[WHAT TO PRODUCE] Your task is to retype, word for word, the lines from the start of the data through the line holding "Global Forest Coalition logo". Do not include the pictures.

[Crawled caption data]
---
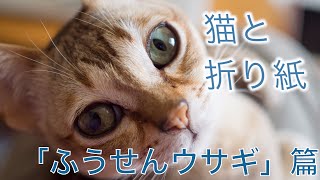 【猫おもしろ動画】シンガプーラと折り紙 ふうせんウサギ篇〜Cat and Origami〜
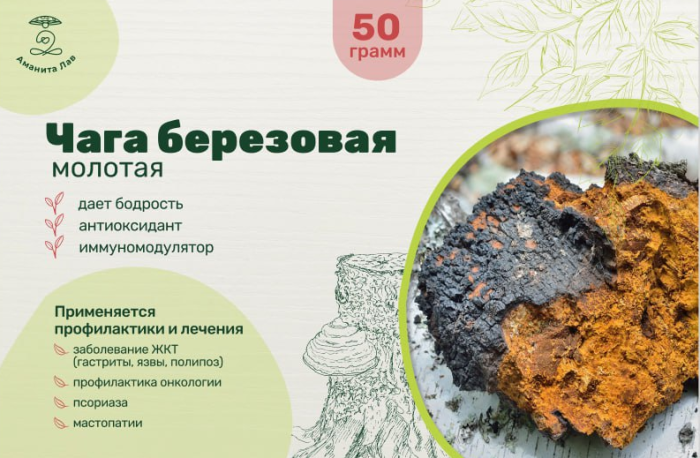 Чага Березовая молотая 50 грамм для чагового чая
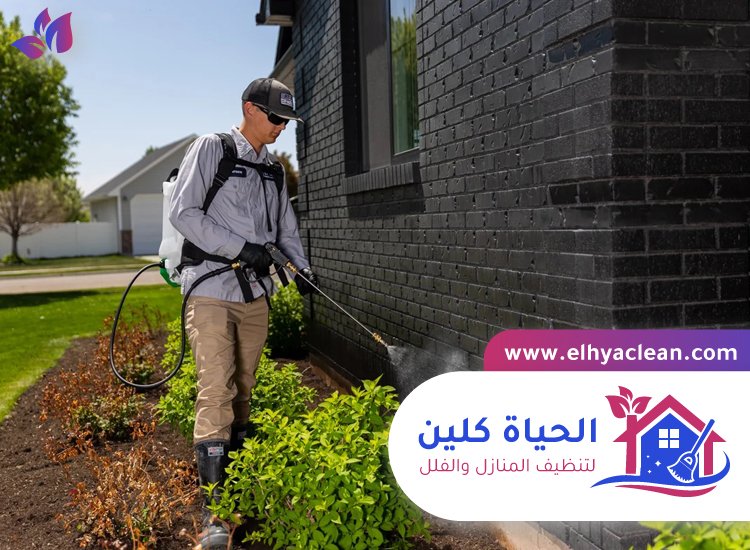 شركة مكافحة حشرات في دبي 2 شركة مكافحة حشرات في دبي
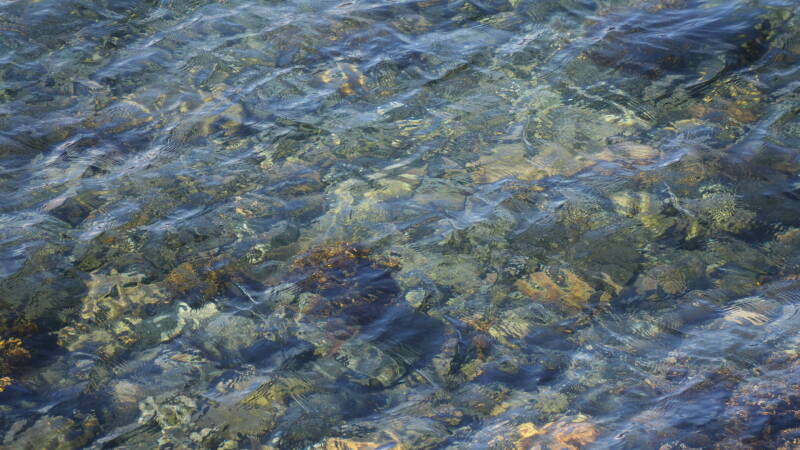 dsc00026-standard.jpg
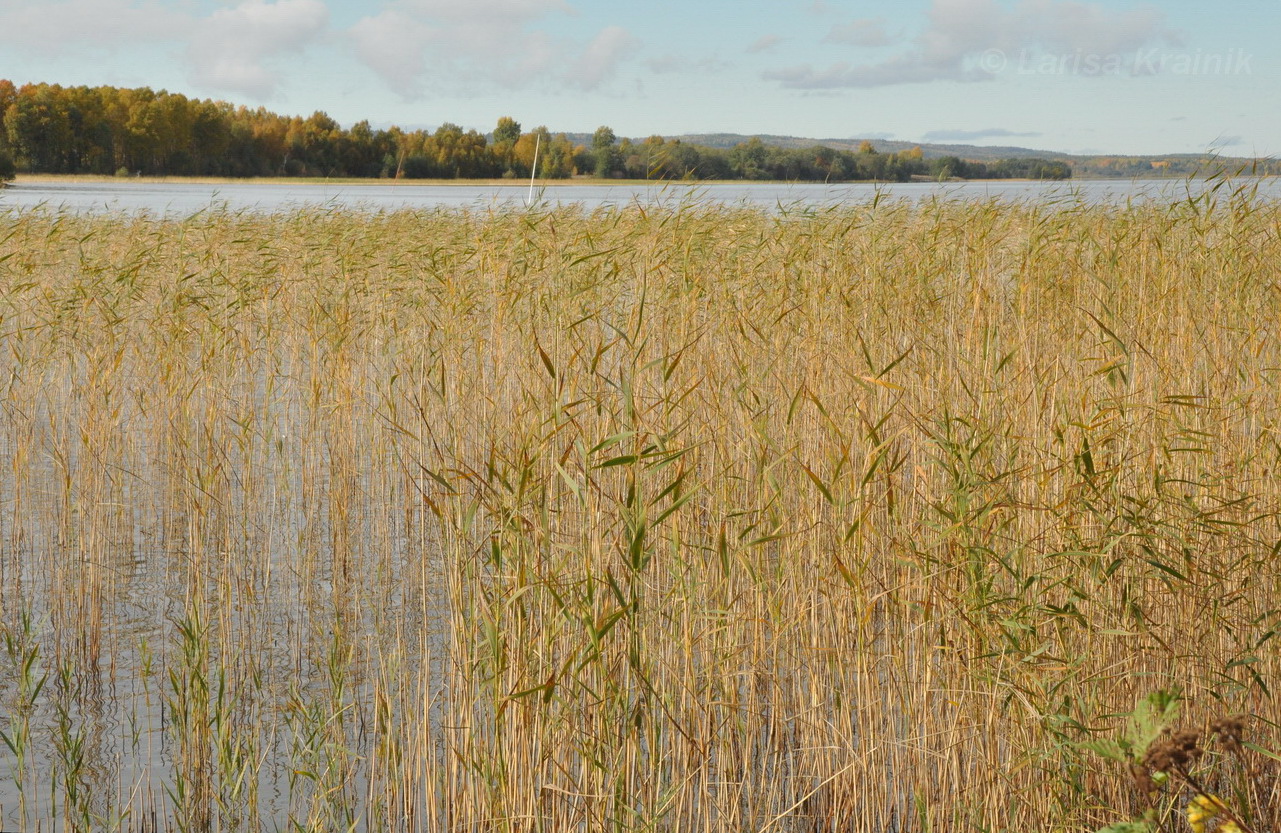 Image of Phragmites australis specimen.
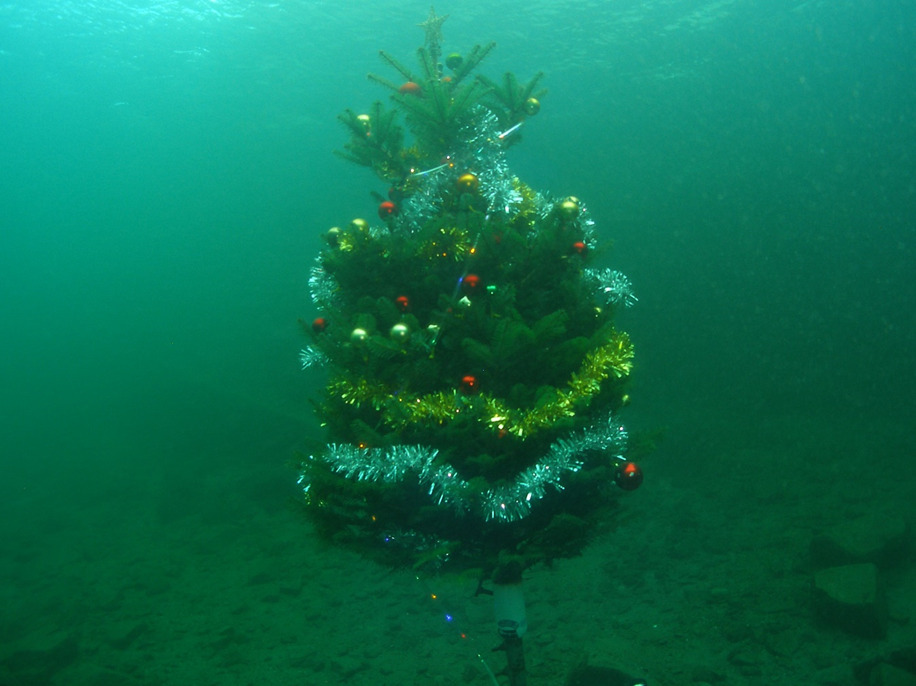Decorated Christmas tree with tinsel and baubles standing on the seabed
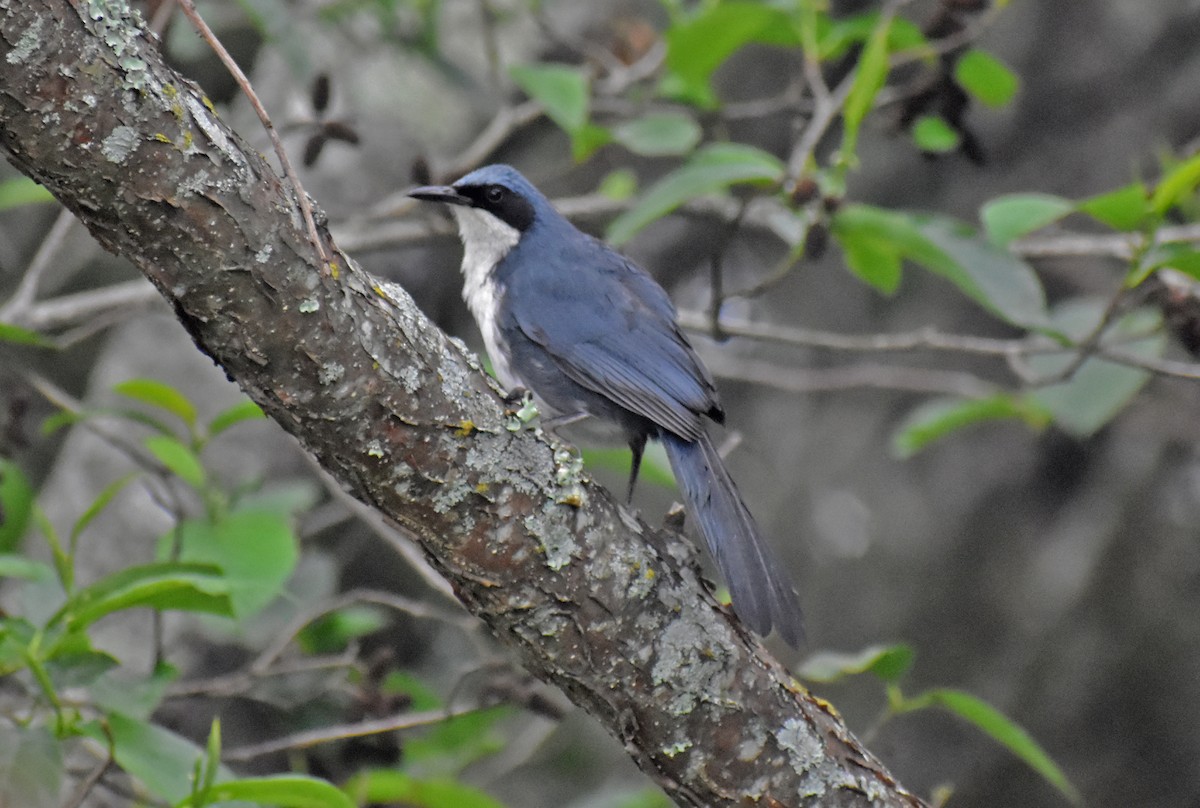Blue-and-white Mockingbird - ML636579119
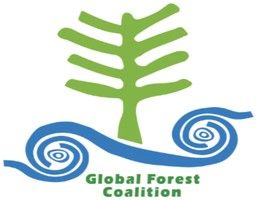 Global Forest Coalition logo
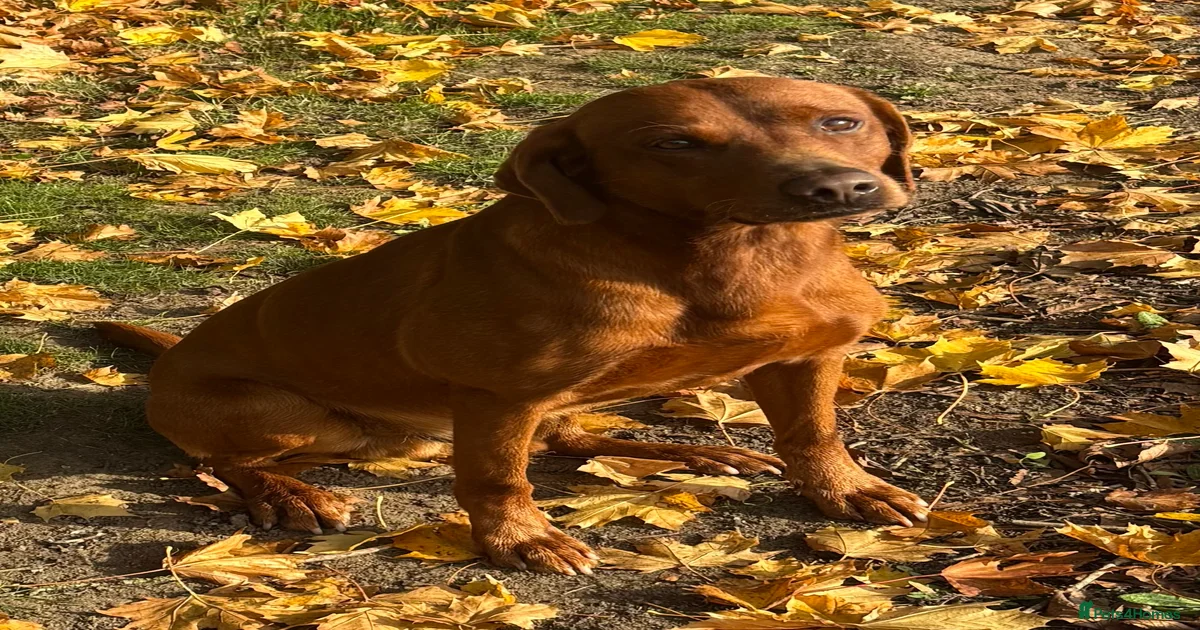 Stunning Dark Red KC Reg Labrador for stud in March | Pets4Homes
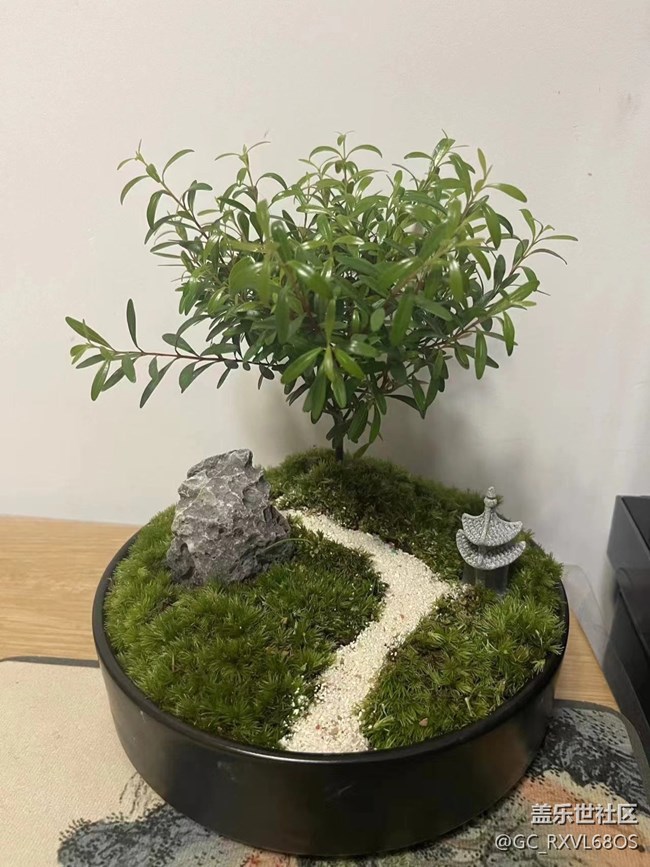 植此青绿，拥抱春天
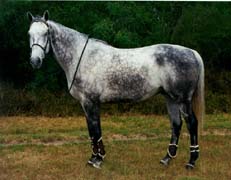 Image of sterling from the book.jpg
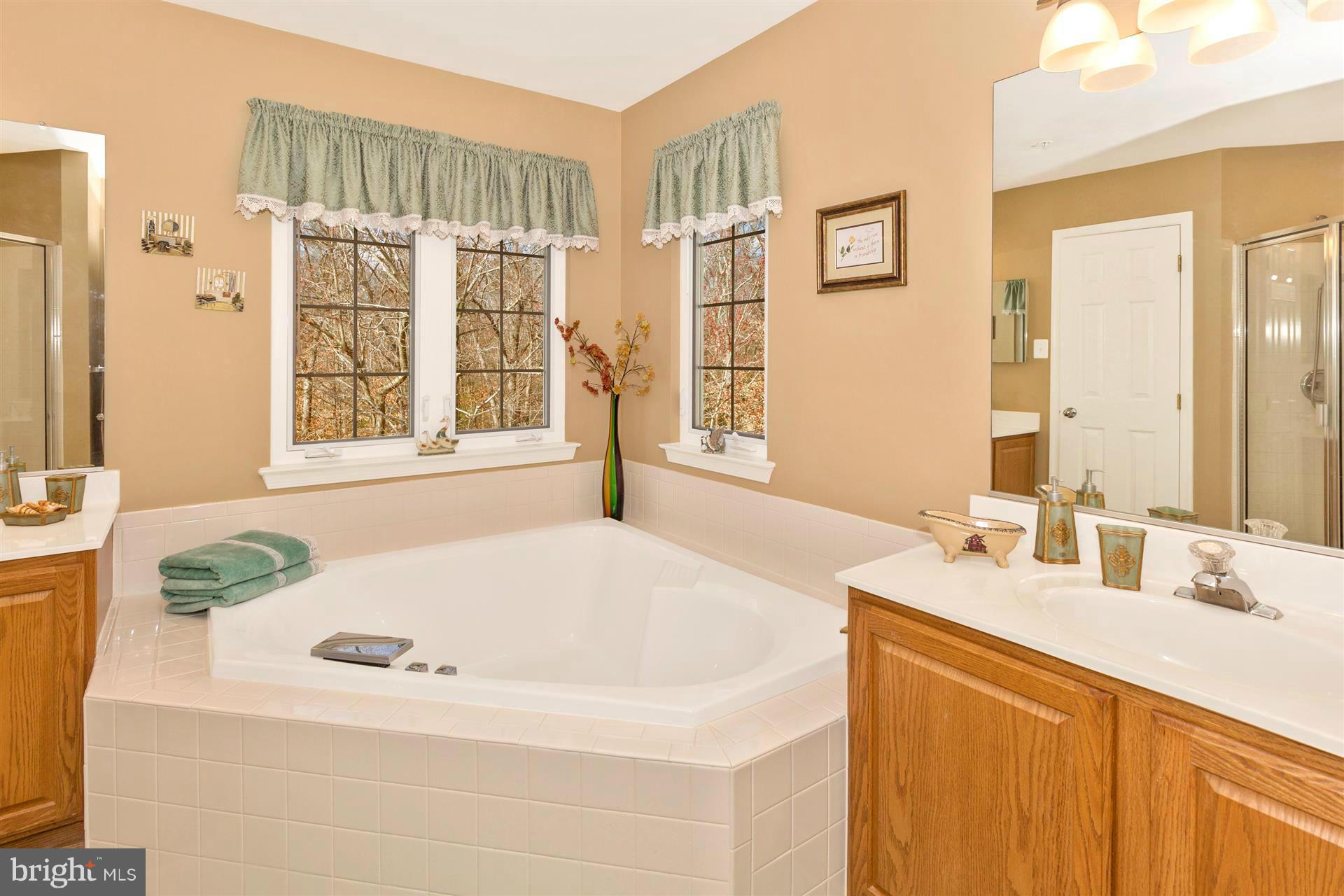 11300 Snowden Pond Road Laurel, MD 20708 - Photo 23 of 29 Bath (Master)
---
[SOLUTION TO THIS EXERCISE]
 【猫おもしろ動画】シンガプーラと折り紙 ふうせんウサギ篇〜Cat and Origami〜
 Чага Березовая молотая 50 грамм для чагового чая
 شركة مكافحة حشرات في دبي 2 شركة مكافحة حشرات في دبي
 dsc00026-standard.jpg
 Image of Phragmites australis specimen.
Decorated Christmas tree with tinsel and baubles standing on the seabed
Blue-and-white Mockingbird - ML636579119
 Global Forest Coalition logo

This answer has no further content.